* Task statement: Retype every entry word for word. Omit the pictures.

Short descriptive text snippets

------------------------------

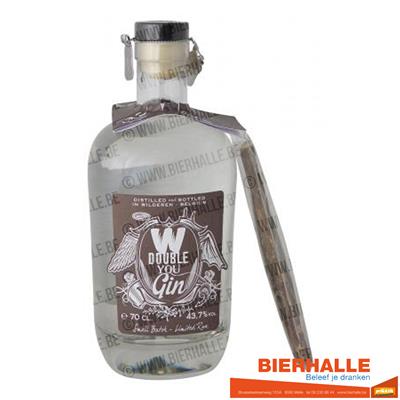 GIN DOUBLE YOU 70CL 40%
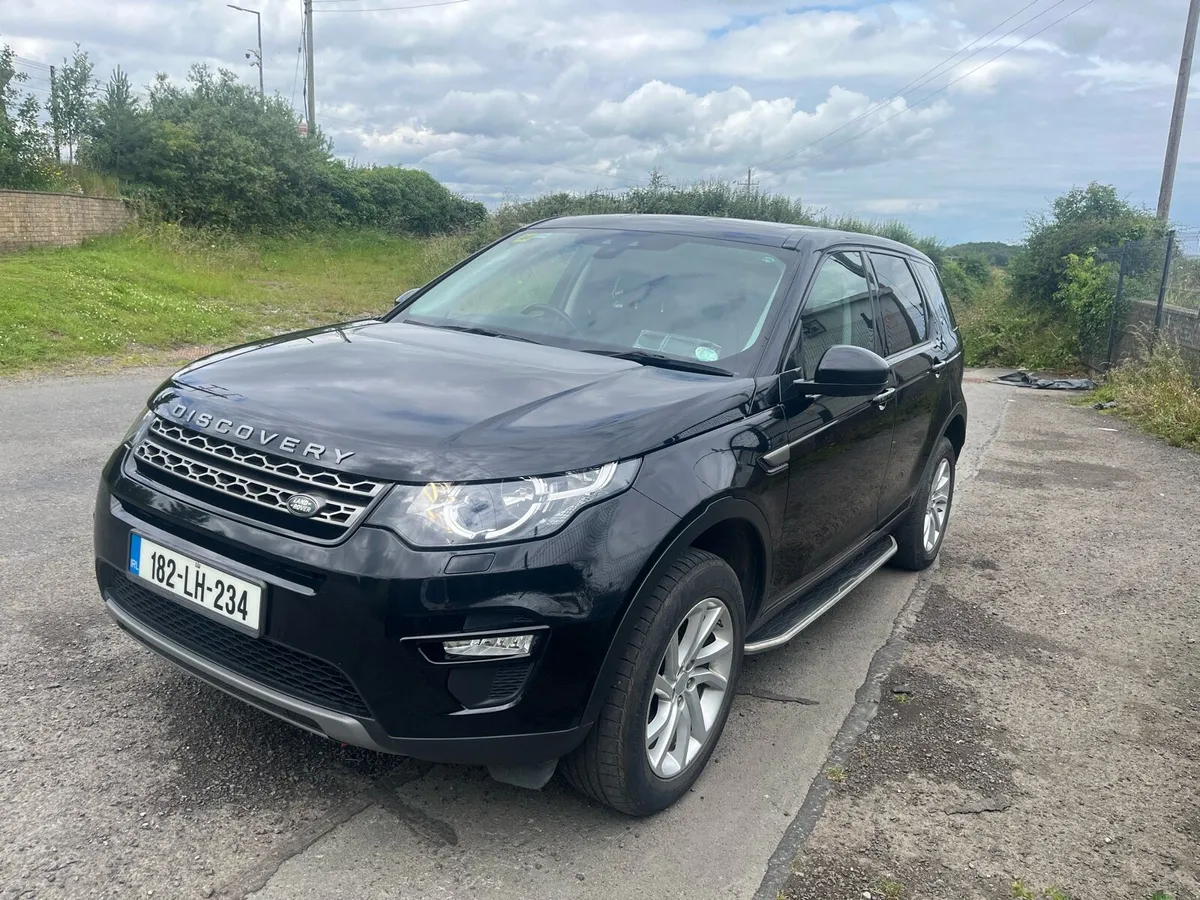 Land Rover Discovery Sport Automatic - Image 2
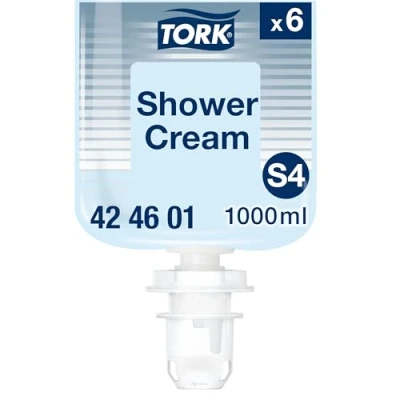 Imagen de Tork Crema de ducha S4, fragancia unisex, 6 x 1000ml, 424601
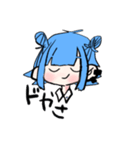 おりきゃらちゃんスタンプ第2弾(クロ君)（個別スタンプ：15）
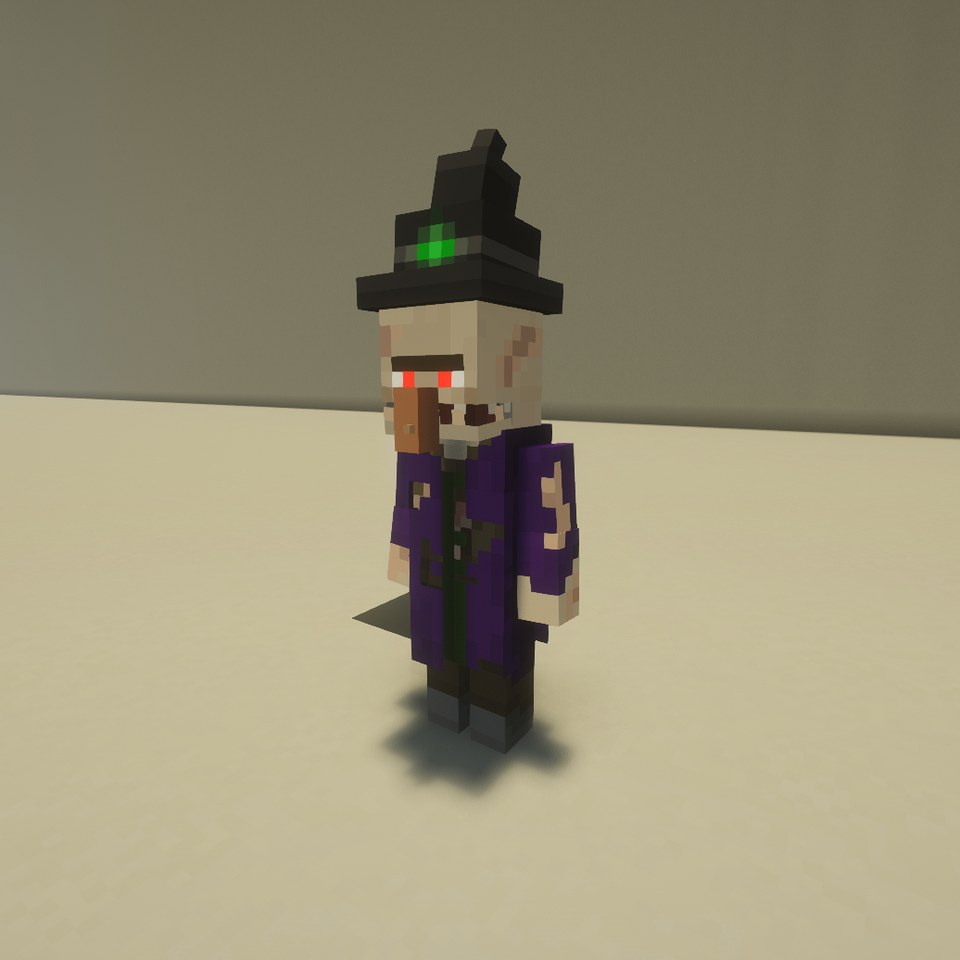 Infected Witch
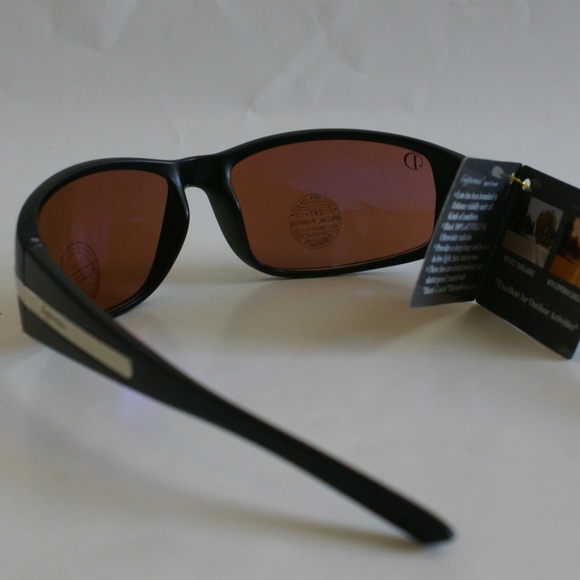 NWT Vortex ANSI Z87+ safety rated performance Coppermax len tech sunglasses - Picture 3 of 4
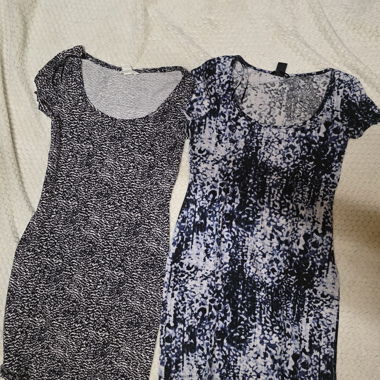 Lots de robe moulentes XS et S 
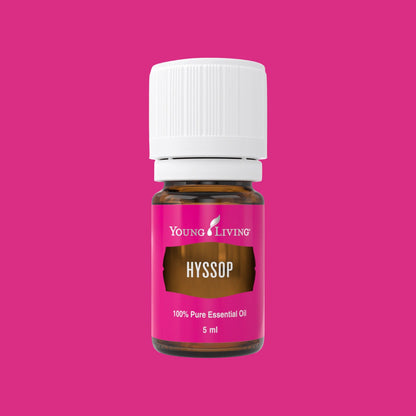 Young Living Hyssop Essential Oil 5ml | Aromatherapy for Creativity & Meditation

------------------------------

* Exercise result:
 GIN DOUBLE YOU 70CL 40%
 Land Rover Discovery Sport Automatic - Image 2
 Imagen de Tork Crema de ducha S4, fragancia unisex, 6 x 1000ml, 424601
 おりきゃらちゃんスタンプ第2弾(クロ君)（個別スタンプ：15）
 Infected Witch
 NWT Vortex ANSI Z87+ safety rated performance Coppermax len tech sunglasses - Picture 3 of 4
 Lots de robe moulentes XS et S 
 Young Living Hyssop Essential Oil 5ml | Aromatherapy for Creativity & Meditation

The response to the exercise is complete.